*** Opening INFORMATION SUPPLIED ***

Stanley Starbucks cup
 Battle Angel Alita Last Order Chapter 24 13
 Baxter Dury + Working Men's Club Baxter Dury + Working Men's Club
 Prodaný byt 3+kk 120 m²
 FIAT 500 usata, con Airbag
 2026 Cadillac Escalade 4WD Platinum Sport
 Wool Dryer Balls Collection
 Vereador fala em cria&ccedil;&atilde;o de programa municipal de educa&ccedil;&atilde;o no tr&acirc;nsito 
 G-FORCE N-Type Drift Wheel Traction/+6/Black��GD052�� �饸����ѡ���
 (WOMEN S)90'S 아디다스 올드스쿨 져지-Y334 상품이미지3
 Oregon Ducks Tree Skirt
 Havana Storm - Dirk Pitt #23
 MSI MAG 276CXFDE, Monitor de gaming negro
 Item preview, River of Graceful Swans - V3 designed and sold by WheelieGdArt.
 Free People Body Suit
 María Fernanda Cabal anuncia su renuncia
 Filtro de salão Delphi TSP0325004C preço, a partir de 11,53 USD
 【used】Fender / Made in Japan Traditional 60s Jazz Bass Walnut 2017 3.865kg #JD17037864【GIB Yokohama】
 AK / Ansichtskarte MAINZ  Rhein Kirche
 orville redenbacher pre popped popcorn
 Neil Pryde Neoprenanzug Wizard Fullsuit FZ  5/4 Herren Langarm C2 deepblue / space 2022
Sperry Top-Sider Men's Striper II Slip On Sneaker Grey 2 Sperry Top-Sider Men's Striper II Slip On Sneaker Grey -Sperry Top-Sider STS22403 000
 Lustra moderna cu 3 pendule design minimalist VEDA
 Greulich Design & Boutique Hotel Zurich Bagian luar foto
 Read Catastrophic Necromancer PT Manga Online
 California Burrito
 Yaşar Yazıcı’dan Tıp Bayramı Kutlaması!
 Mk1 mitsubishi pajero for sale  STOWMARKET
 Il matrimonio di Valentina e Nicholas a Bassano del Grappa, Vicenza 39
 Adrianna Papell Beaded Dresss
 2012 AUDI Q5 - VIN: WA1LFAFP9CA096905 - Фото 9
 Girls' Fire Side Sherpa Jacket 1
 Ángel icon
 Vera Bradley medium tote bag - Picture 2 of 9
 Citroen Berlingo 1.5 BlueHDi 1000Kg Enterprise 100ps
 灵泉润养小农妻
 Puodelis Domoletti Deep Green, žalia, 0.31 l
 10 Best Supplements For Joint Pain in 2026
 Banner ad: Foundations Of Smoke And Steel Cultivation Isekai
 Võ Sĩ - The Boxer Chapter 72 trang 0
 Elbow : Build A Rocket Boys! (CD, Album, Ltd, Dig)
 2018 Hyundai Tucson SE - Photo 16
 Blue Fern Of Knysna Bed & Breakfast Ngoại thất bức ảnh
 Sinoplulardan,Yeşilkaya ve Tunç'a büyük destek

*** Closing INFORMATION SUPPLIED ***

◆ **YOUR OBJECTIVE**
Each line that contains the string "Chapter" should be copied from the data above.

◆ **FINISHED EXERCISE**
 Battle Angel Alita Last Order Chapter 24 13
 Võ Sĩ - The Boxer Chapter 72 trang 0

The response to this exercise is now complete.